--- START ---
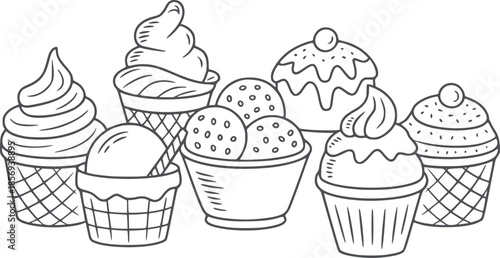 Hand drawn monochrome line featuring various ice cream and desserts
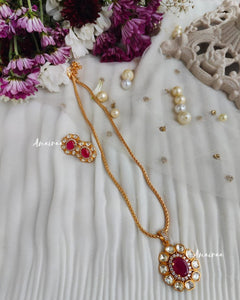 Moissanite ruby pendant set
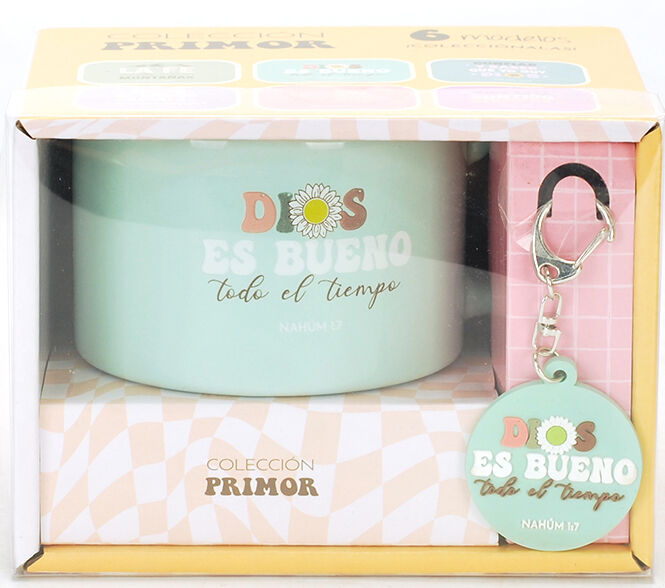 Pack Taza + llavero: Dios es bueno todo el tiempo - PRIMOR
--- END ---
Task objective:
Omit the pictures and output all remaining material exactly.

Written response:
 Hand drawn monochrome line featuring various ice cream and desserts
 Moissanite ruby pendant set
 Pack Taza + llavero: Dios es bueno todo el tiempo - PRIMOR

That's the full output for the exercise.